- [DATASET EXTRACT]
........

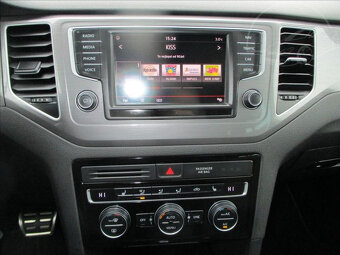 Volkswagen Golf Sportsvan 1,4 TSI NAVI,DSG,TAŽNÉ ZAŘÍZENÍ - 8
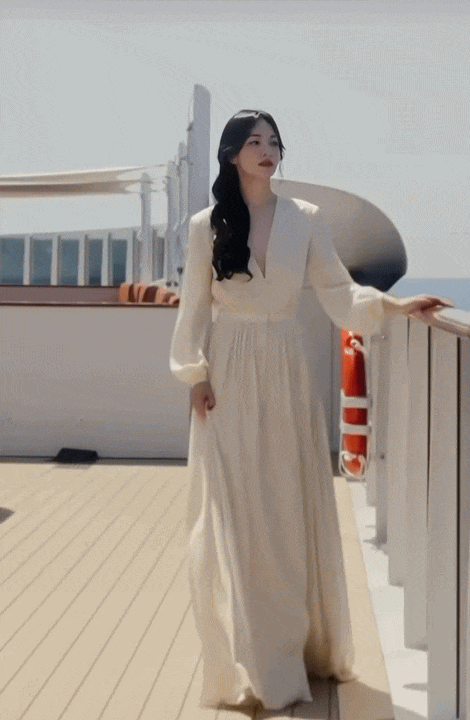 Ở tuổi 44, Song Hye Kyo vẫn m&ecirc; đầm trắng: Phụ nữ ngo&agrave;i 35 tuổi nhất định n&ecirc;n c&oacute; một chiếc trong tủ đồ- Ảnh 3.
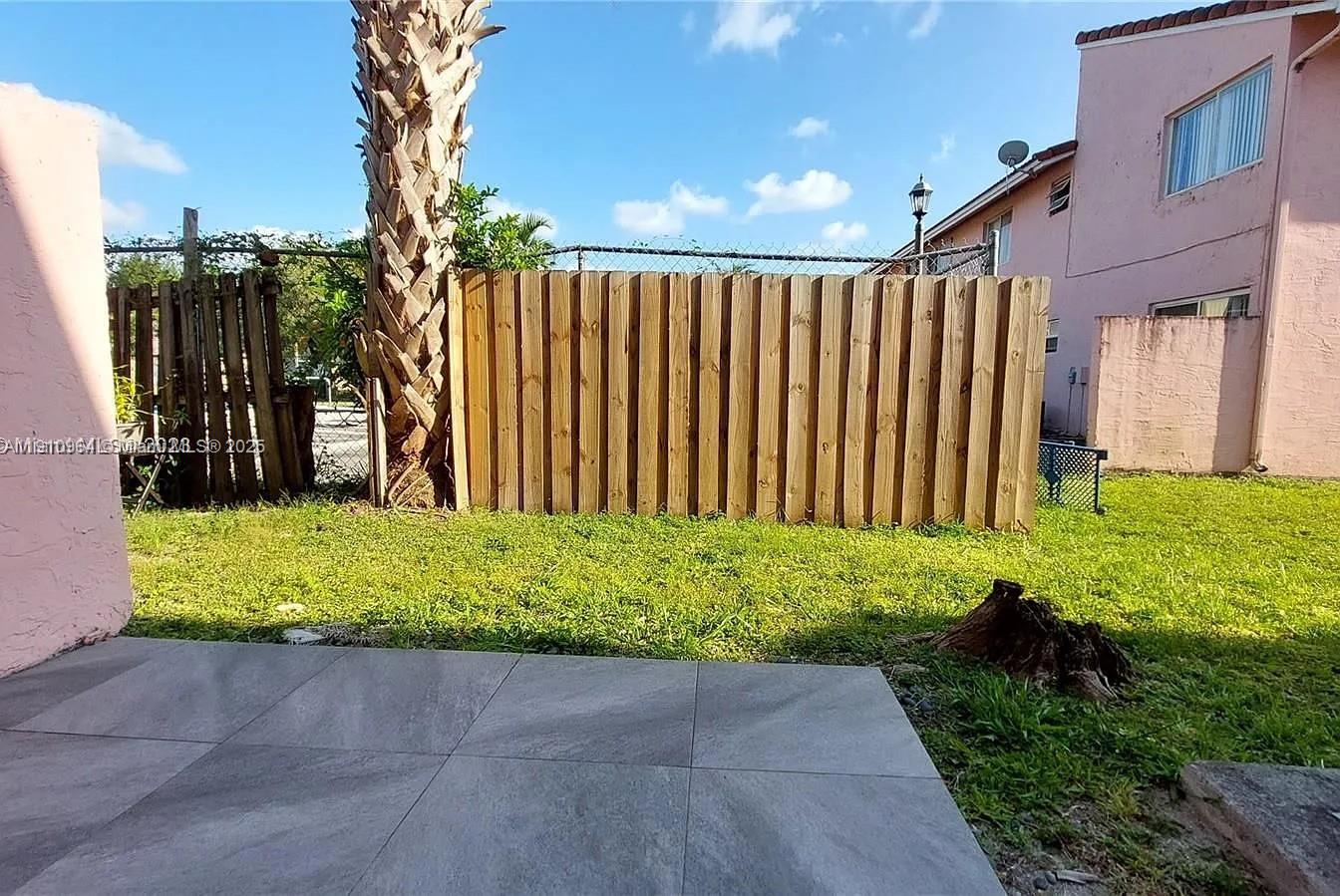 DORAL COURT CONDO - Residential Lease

........

- [PROMPT]
Would you print the whole listing exactly, omitting the pictures?

- [TASK OUTPUT]
 Volkswagen Golf Sportsvan 1,4 TSI NAVI,DSG,TAŽNÉ ZAŘÍZENÍ - 8
 Ở tuổi 44, Song Hye Kyo vẫn m&ecirc; đầm trắng: Phụ nữ ngo&agrave;i 35 tuổi nhất định n&ecirc;n c&oacute; một chiếc trong tủ đồ- Ảnh 3.
 DORAL COURT CONDO - Residential Lease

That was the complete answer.